Only a handful of farmers in the north are able to meet the key criteria of quality grain production set by cereal aggregators and major food processing companies such as Nestle Ghana Ltd and Premium Foods who procure large quantities of farm produce from farmers. 

Meeting such criteria is the target set by Ms. Asimwu Ibrahim, a 29-year old farmer at the Bontanga Irrigation Scheme. Ms. Ibrahim, a member of the Ghana Trade and Livelihood Coalition (GTLC), intends to produce grains that meet such lofty standards in the next cropping season after receiving a BUSAC fund-sponsored Business Development Services (BDS) training on crop production and processing. 

Six-months after participating in the capacity-building programme, Ms. Ibrahim put into practice lessons learnt from the training by harvesting at the right time, threshing her rice on tarpaulin to avoid stones and ensuring her grains were well winnowed to eliminate all unwanted materials. 

She cheerfully testifies that after implementing such good cultivation practices, she sold seven 100-kilo bags of rice each for GHC 105 to aggregators from southern Ghana. 

“This is my all-time record sale. Last year the aggregators bought the same quantity of my produce for just GHC 60, because of the lower quality. I will strive to continue to do clean work in order to get value for money, expand and be able to sell to the big companies so they will pay me a premium price,” she remarked with a smile.  

 But the knowledge Ms. Ibrahim gained at the capacity building programme is not all about improved rice cultivation skills. She quickly hinted that the negotiating skills learned during the training had helped her to rent two additional acres of land to add to her existing plot in other expand her farm and cultivate more quality rice.

“Now that I am about to expand my farm and increase my productivity, my aim is to work hard and use my income to support my husband and family members who are in school,” she said.

Due to the low quality of produce and inadequate coordination, many smallholder farmers in northern Ghana are unable to sustain high-value markets for their agricultural produce. To address this challenge, members of the Ghana Trade and Livelihood Coalition (GTLC) sought capacity-building support in September 2017 from the BUSAC Fund and its development partners, Danida, USAID and the European Union. Through the BUSAC Fund’s Business Development Services (BDS) support, Ms. Ibrahim and her fellow GTLC members learnt very useful skills in Participatory Market System Development.

The skills acquired by members of GTLC is helping to increase collaboration among market actors, improve market access to high-value markets, increase advocacy among market actors to improve the agribusiness environment in Ghana.

Alhaji Ibrahim Akalbila, President of GTLC noted that as part of the effort to prepare and orient farmers, they were given hands-on training to expose them to Good Agricultural Practices (GAPs) that would enable the crops to respond in a better way for the inputs. 
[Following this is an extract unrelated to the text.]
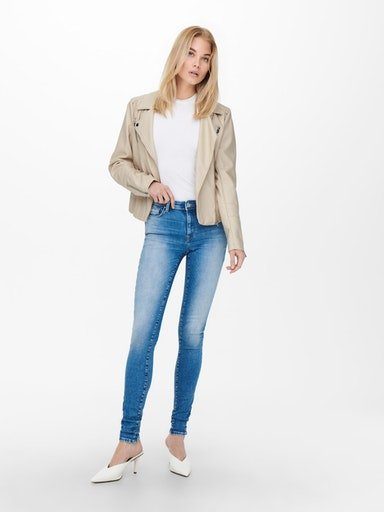 Only Imitatieleren jack ONLGEMMA FAUX LEATHER BIKER OTW NOOS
 “We realise that farmers lack GAPs because some aggregators complain that sometimes the produce they buy from farmers are not are not up to the required quality standards. This problem has to do with production so we tried educating farmers to appreciate some of these pertinent issues and follow the right instruction to get good produce,” he noted.

 Alhaji Akalbila noted that ensuring GAPs in every aspect of farm operations facilitates economic and social sustainability for on-farm processes, enable efficient use of farm resources and result in safe and quality agricultural products. 

The better understanding of these practices Alhaji Ibrahim indicated had led to a quality outcome from field operations in terms of high productivity and better resource-use efficiency. 

Commenting on the impact on other members who were into shea processing, Alhaji Akalbila said the training had educated the women in the industry to collect healthy fruits and preserve them well in other to get good shea butter.

That he said would help reduce the high free fatty acids in some of the shea butter in other to get access to good and long-term profitable markets.

After the training and its subsequent positive results, Alhaji Ibrahim received an invitation from many people, especially the chiefs of Kpopolu and Derimo communities to train farmers. 

“We are now very attractive”, he added.